The transaction, COPAR 2022-2, will issue notes through a capital structure of about eight classes of notes, with classes B, C and D providing subordination support— representing about 3% of the pool balance—to the senior A classes. Other forms of credit enhancement include over-collateralization that could start out at zero when the deal closes and increase to 0.25%, Moody’s said. Notes will also benefit from a non-declining reserve fund of 0.25% of the initial pool balance.
Moody’s expects to assign ratings of P-1 to the $222 million, A-1 class; ‘AAA’ on the A-2a through A-4 classes; then ‘Aa1’ through ‘A1’ on the B, C and D notes, the last three of which will issue $12.4 million in notes, according to the rating agency.
The rating agency estimates a cumulative net loss of 0.4% on the asset pool, with a loss at the ‘Aaa’ stress level of 3.5%, Moody’s said.
Despite Capital One’s corporate and bond market experience, Moody’s noted that a higher proportion of used vehicles in the pool, 65%, poses a credit challenge to the timely repayment of notes.
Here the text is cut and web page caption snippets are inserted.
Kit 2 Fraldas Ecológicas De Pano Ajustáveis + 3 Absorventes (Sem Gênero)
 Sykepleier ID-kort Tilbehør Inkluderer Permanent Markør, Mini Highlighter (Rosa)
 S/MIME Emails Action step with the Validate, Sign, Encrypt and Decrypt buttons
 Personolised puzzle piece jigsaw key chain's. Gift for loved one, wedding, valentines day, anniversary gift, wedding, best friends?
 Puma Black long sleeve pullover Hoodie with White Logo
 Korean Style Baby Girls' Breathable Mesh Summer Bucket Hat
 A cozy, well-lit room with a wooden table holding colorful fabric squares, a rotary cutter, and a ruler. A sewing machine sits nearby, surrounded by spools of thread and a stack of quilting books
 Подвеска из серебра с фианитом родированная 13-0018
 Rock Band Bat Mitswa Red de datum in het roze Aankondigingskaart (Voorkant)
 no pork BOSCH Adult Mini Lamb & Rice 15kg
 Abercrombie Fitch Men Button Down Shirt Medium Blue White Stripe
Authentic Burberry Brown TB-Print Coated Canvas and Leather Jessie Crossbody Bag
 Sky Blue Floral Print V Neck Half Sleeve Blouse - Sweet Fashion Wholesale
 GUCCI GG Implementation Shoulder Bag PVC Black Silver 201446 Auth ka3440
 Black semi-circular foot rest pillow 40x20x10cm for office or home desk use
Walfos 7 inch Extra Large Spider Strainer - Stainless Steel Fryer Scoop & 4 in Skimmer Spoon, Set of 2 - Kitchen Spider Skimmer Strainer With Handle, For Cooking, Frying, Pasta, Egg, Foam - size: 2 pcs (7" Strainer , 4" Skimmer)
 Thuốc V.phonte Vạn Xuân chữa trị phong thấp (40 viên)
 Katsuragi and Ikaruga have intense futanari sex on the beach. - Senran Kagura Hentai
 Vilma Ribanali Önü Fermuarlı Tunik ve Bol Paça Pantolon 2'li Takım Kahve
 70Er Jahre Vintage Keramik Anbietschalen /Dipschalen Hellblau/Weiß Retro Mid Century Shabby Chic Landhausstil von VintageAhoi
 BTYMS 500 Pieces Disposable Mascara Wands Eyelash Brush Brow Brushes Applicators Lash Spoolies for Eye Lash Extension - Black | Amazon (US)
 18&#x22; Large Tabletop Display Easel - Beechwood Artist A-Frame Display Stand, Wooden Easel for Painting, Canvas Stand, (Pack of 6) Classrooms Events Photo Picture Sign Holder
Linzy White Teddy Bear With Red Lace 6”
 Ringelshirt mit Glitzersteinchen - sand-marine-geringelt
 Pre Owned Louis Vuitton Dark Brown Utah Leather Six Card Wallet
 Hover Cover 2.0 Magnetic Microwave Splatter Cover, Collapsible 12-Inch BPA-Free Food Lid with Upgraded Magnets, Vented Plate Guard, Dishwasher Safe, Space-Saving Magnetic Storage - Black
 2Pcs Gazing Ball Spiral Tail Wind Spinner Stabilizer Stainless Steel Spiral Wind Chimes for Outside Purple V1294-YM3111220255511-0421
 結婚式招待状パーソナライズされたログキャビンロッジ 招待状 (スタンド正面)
While loans on used vehicles have historically performed worse than those backed by new vehicles, recent used car vehicles in COPAR trusts have been comparable to those backed by new ones.
Should demand for used vehicles decline from their recent high levels, a sudden adjustment in that demand could send prices down.
Another potential drawback is a mismatch on the interest rates between the loans collateralizing the deals, and the rates paid to noteholders, according to Moody’s. The class A-2b notes pay a coupon based on the Secured Overnight Financing Rate, while the underlying loans pay a fixed rate.
A spike in interest rates—a more palpable concern now, given the Federal Reserve’s commitment to fight inflation through rate increases—could erode excess spread on the underlying notes.